(Jeffs, 2008)
The “dysfunctional family” check box has been slowly creeping higher on the list of producer’s OK lists for sometime now. So, as the god awful quirk-com and dramedy labels start grotesquely elbowing their way into more and more column space, the only way for films like Sunshine Cleaning, seems to be up.
After holding her own against Steep and Hoffman in Doubt earlier in the year, Amy Adams delivers another great performance as Rose, a single mother holding tightly on to a remedial cleaning job as her own life, her younger token emo sister, Norah (Emily Blunt) and her old friends slowly make it more and more apparent that she is living in the past. She’s even up-keeping an affair with her now married high school sweetheart and policeman, Mac (Steve Zahn).
When Rose’s (you guessed it) cute, misunderstood yet typically bright son, Oscar, is forced out of school for some strange oral behavior she takes Mac’s advice to expand her business into the crime scene cleaning racket and takes sister Norah with her and Sunshine Cleaning is born.
There’s blood, brain, smells and sick but, of course, the two eventually find a strange humanity in the job.
Though the tone of the film is so weirdly uneven (the introduction especially is a terrible wrong footer) Sunshine Cleaning is held together by the two leads. Blunt and Adams feel and look like sisters and their bitter chemistry helps to overshadow some ridiculously obvious back stories about their mothers death, a totally wasted side plot hinting at Norah’s confused sexual identity and a near inconsequential second romantic thread between Rose and one armed cleaning product salesman, Winston.
Alan Arkin manages to shine once again as the girls sharp yet sweet voiced father. His scenes babysitting and schooling Oliver are some of the best moments here but you can’t help but feel that his inclusion and the film’s title have been unnecessarily engineered by the producers to somehow help garner some attention in the wake of their success with Little Miss Sunshine.
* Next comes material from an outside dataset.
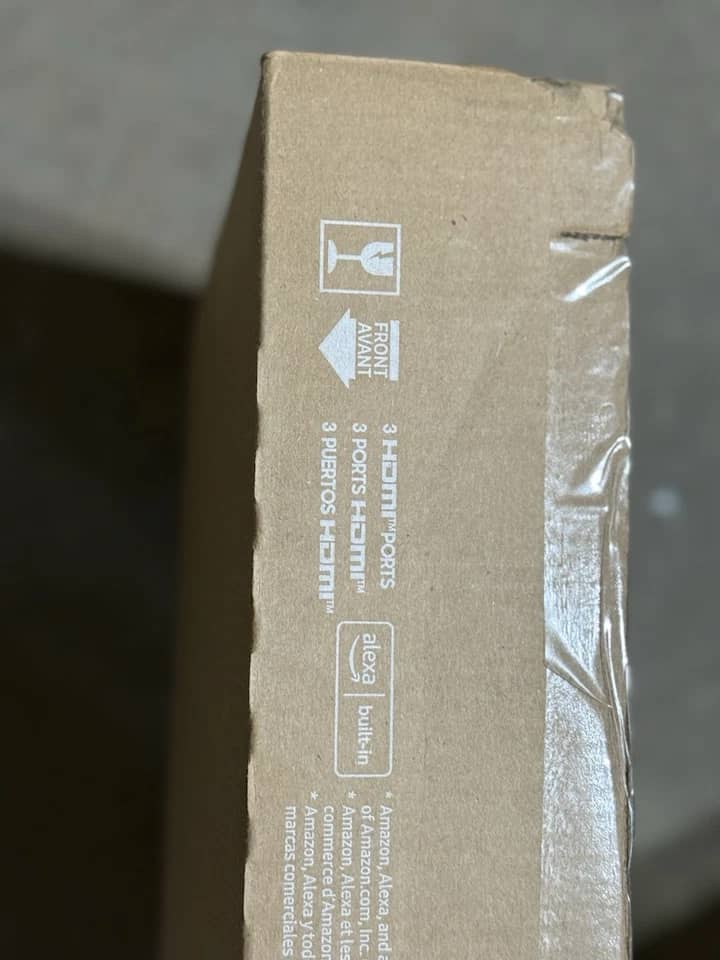 Samsung Q60C TVs New Gray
Despite that little bit of near patronising audience shepherding and a few sentimental attempts at jerking some unearned tears out of its viewer (The CB radio scenes in particular) Sunshine Cleaning manages to walk the line between feel good and heartfelt fairly well. It’s a well polished comedy/drama but unfortunately one that that you’ll think about no more afterward than you would a good spring clean.